Work to complete: Output, exactly and in full, only the lines from the one containing "SS Weddings Green" to the last line of the data. Pictures should not appear.

Recorded information:

******************************

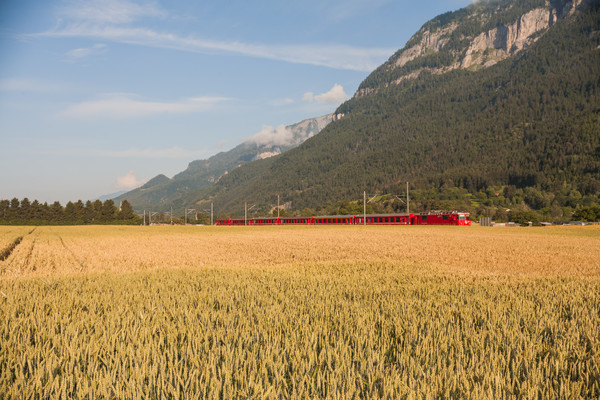 RhB Pendler vor Felsberg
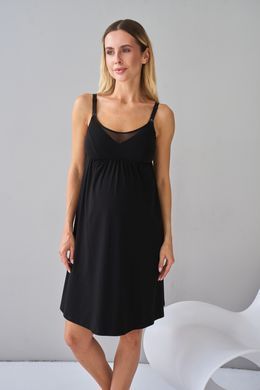 Комплект халат и сорочка для беременных и кормящих Yula mama, черный, S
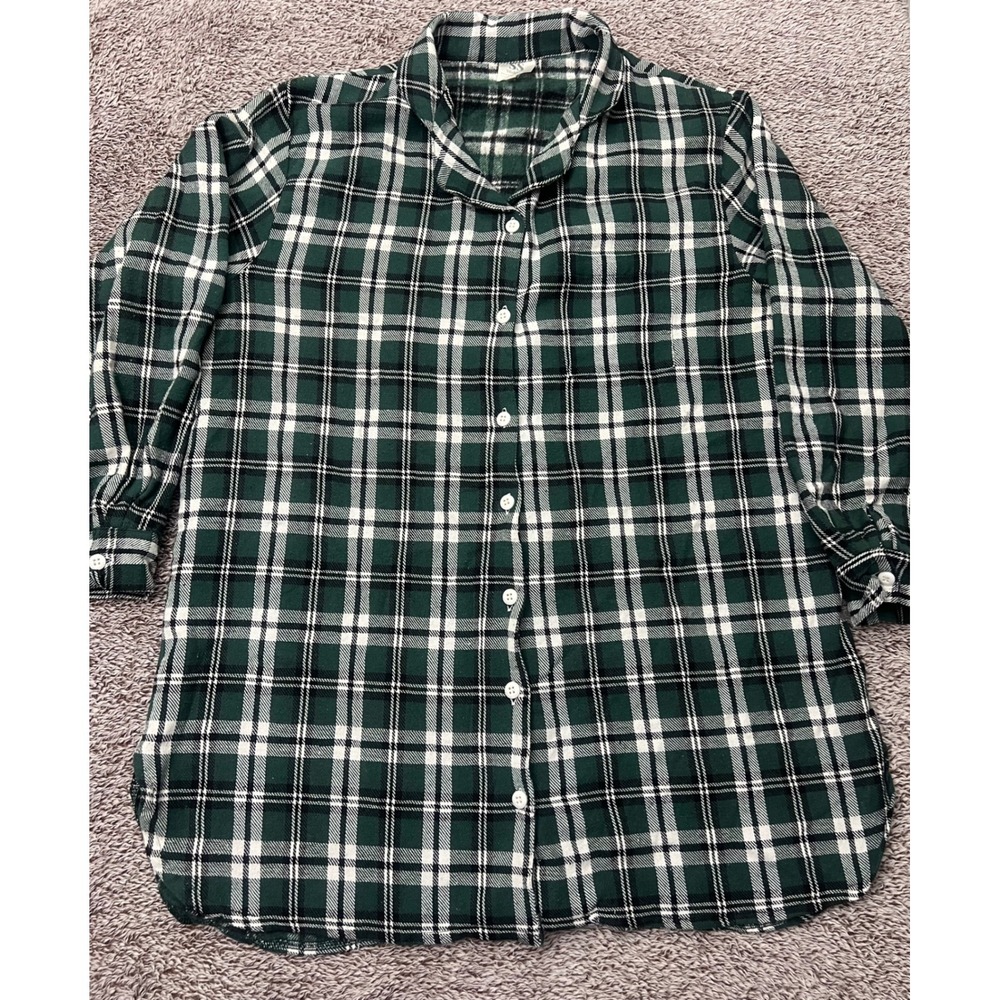 SS Weddings Green Plaid Flannel Button Down Shirt Women XL Long Sleeve Top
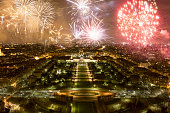 Fireworks, celebration of the New Year in Paris, France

******************************

Problem solution:
 SS Weddings Green Plaid Flannel Button Down Shirt Women XL Long Sleeve Top
 Fireworks, celebration of the New Year in Paris, France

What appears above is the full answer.